In Dick Wigrams 1951 book, The Uncertain Trout there is a whole chapter devoted to this fly, I quote:

"Anglers, on the whole, are a generous crowd. There are some who may be a little secretive regarding their pet places, but when they learn something new they are nearly always all eager to pass on the information to their brethren. This is as it should be. If, for some instance, Mr Skues had kept his great knowledge to himself how much poorer would be the fly tiers and the fly-fishermen all over the world. Not all anglers are so anxious to give away some special fly which they find very acceptable to the trout. I shall always be grateful to the man who introduced me to the Cocky-Spinner. He told me it was a good fly in Tasmanian streams. It was his own tying, beautifully done, and it has been one of the most killing flies I have ever tied onto the end of a cast. Tasmanian streams are poor in variety of fly, the hatch is sometimes enormous but alas, most unreliable. There seems to be no set time for the hatch which is almost entirely governed by weather: hot days often produce a really good show of fly: cold days very little.

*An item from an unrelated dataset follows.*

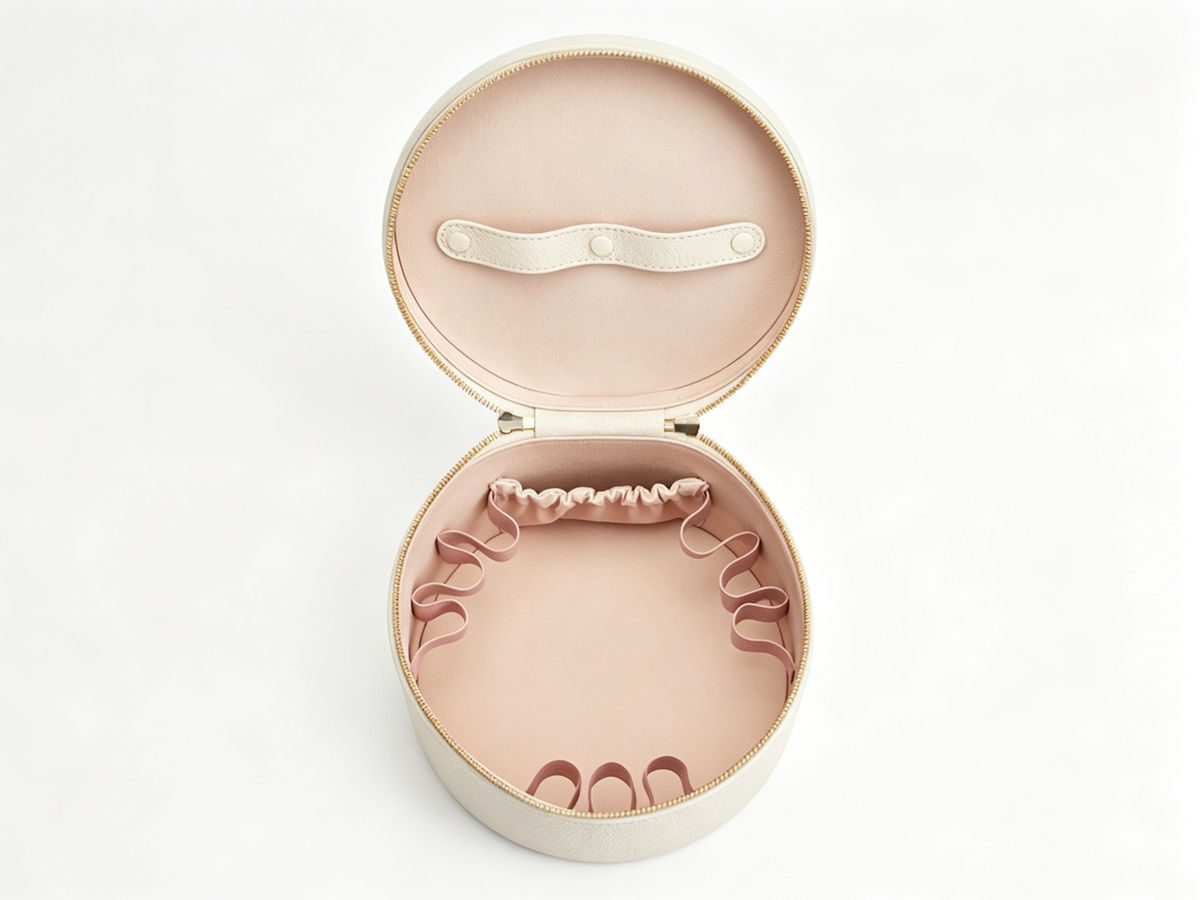 Custom Round Leather Jewelry Storage Case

This is in direct contrast to the Northern Hemisphere. The Australian streams have even less Ephemera and the adventitious insects, represented by beetles, caterpillars, grasshoppers, and assorted land moths make up most of the surface food.

To return to the Cocky-Spinner. I had the dressing and one battered specimen for two years before I tied it on my cast. For those two years I caught trout well enough on other patterns, but there were days that were blank when they should have been productive and fish that refused when they should (or so it seemed to me) have taken the offering. Now I think I am too old a hand to become over-confident with some fly that has given me a good basket of trout, that has killed fish well for a whole season, that has tricked some difficult leviathan or well-known refuser of artificial flies. Ten years with the Cocky-Spinner has proved its worth to me. It has killed fish on nearly all the inland waters of Tasmania, on the Great Lake, Lake Leake, the Penstock, and on the Shannon River during the moth hatch (twelve fish in one day). Anyhow here is the dressing, use it or not as you like. The trout you catch will prove its worth.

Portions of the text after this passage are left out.